How to Process Data Too Big for Memory with Python Generators

Some Python features you can ignore for years and never miss. Lazy evaluation is not one of them. The moment a dataset stops fitting in memory, or a loop starts feeling clunky, you end up reaching for exactly the tools in this article: iterators, comprehensions, and generators. They share one underlying idea, producing values on demand instead of all at once, and once that idea clicks, a whole family of Python syntax suddenly makes sense.

Iterables vs. Iterators: A Distinction That Sounds Pedantic but Isn’t

An iterable is anything you can walk through: a list, a string, a dict, a range. Think of it as a deck of cards sitting on the table. An iterator is the thing that walks through it, like your finger moving through the deck, remembering exactly where you are. The distinction sounds academic until you realize the entire for loop machinery is built on it.

			
pioneers = ["ada", "grace", "katherine"]
for name in pioneers:
    print(name)
it = iter(pioneers)
print(next(it))   # "ada"
print(next(it))   # "grace"
print(next(it))   # "katherine"

		

When you write for name in pioneers, Python silently does two things: it grabs an iterator from the list by calling iter(), then calls next() on it repeatedly until the values run out. Doing it manually makes the hidden machinery visible. One more next(it) after the last value raises a StopIteration error, because an exhausted iterator is done for good. The list itself is fine; you just need a fresh iterator to walk it again.

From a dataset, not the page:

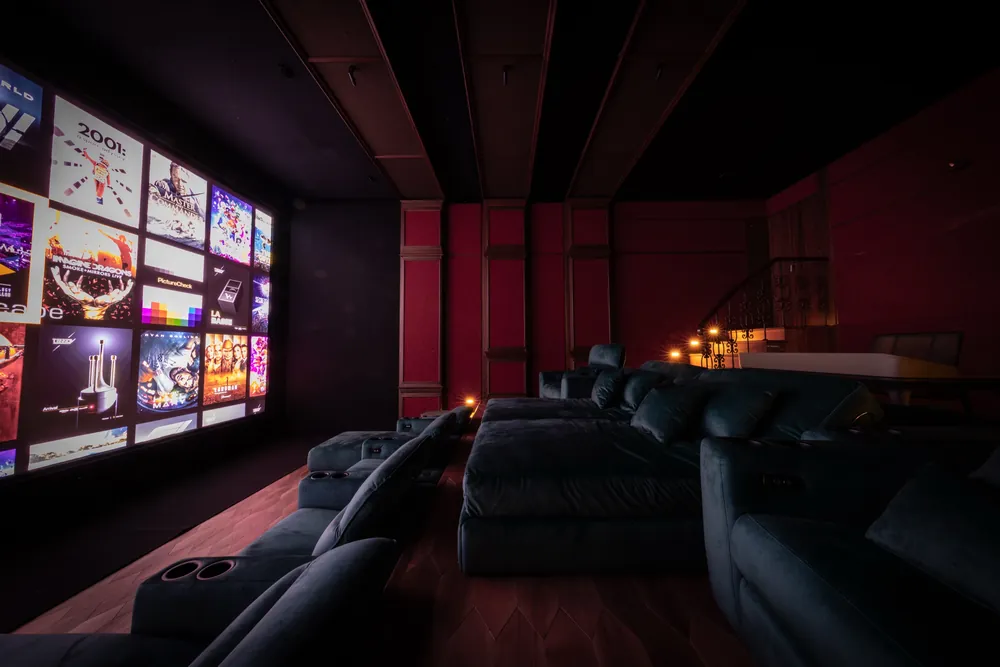 It's About Time private cinema, seen from the side of the room with the screen to the left and two rows of seating
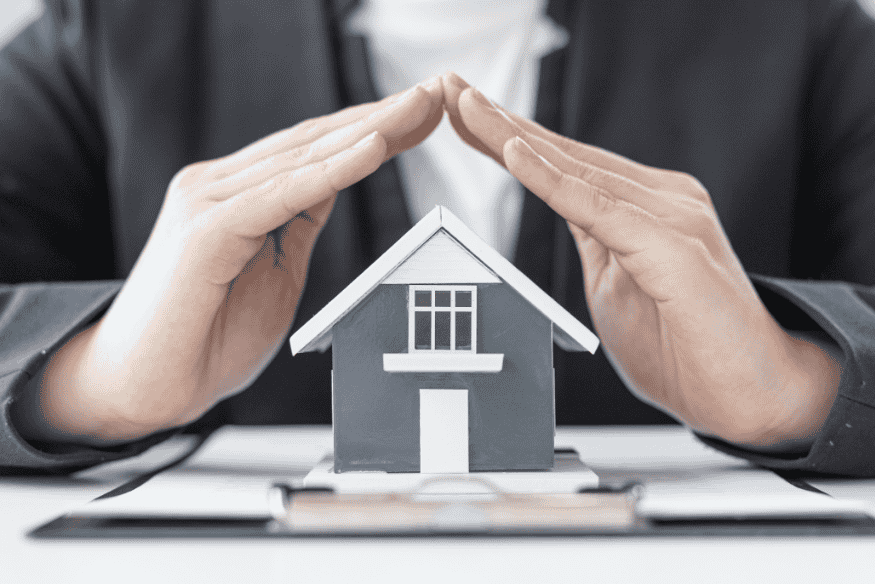 Person schützt ein Modellhaus mit den Händen – Konzeptbild für Hausratversicherung und Vermögensschutz.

The payoff of this design shows up with range:

			
r = iter(range(10 ** 100))
print(next(r))   # 0
print(next(r))   # 1

range looks like it generates a list of numbers, but it never does. It is a tiny object that knows the rule “start, stop, step” and computes each value only when asked. range(10**100) does not allocate memory for a googol of numbers, which would crash any computer ever built; it just remembers the bounds and produces values on demand. This laziness is why range(10)and range(10**100) cost exactly the same to create, and it is the same trick that makes generators so powerful later in this article.

The Built-in Iterator Toolkit

Two built-ins handle the most common loop patterns so you never have to index manually.

enumerate solves “I need the item and its position” by wrapping any iterable so each step hands you an (index, item) tuple:

			
pioneers = ["ada", "grace", "katherine"]
list(enumerate(pioneers))           # [(0, 'ada'), (1, 'grace'), (2, 'katherine')]
list(enumerate(pioneers, start=1))  # [(1, 'ada'), (2, 'grace'), (3, 'katherine')]
for index, name in enumerate(pioneers):
    print(index, name)

		

The clean way to consume it is tuple unpacking right in the loop header, which splits each pair into two named variables. Compare that to the clunky alternative, for i in range(len(pioneers)) followed by an index lookup; enumerate is shorter, works on any iterable rather than just things with a length, and the start argument lets the numbering begin at 1 for human-facing output, since people count from one no matter what programmers prefer.

zip pairs up multiple sequences like a zipper closing a jacket, element 0 with element 0, element 1 with element 1, and so on:

			
names  = ["ada", "grace", "katherine"]
fields = ["mathematics", "computing", "aeronautics"]
years  = [1843, 1952, 1962]
list(zip(names, fields, years))
# [('ada', 'mathematics', 1843), ('grace', 'computing', 1952), ('katherine', 'aeronautics', 1962)]
for name, field, year in zip(names, fields, years):
    print(name, field, year)
z = zip(names, fields)
unzipped_names, unzipped_fields = zip(*z)

		

Three input lists give you 3-tuples; five would give you 5-tuples. One behavior to know: zip stops at the shortest input and silently discards the extras from longer ones, so reach for itertools.zip_longest when you need padding instead. The last two lines show the unzip trick, and it is worth pausing on. The * operator spreads an iterable into separate arguments, so zip(*z)passes each tuple as its own argument back to zip, which transposes the data and recovers the original sequences.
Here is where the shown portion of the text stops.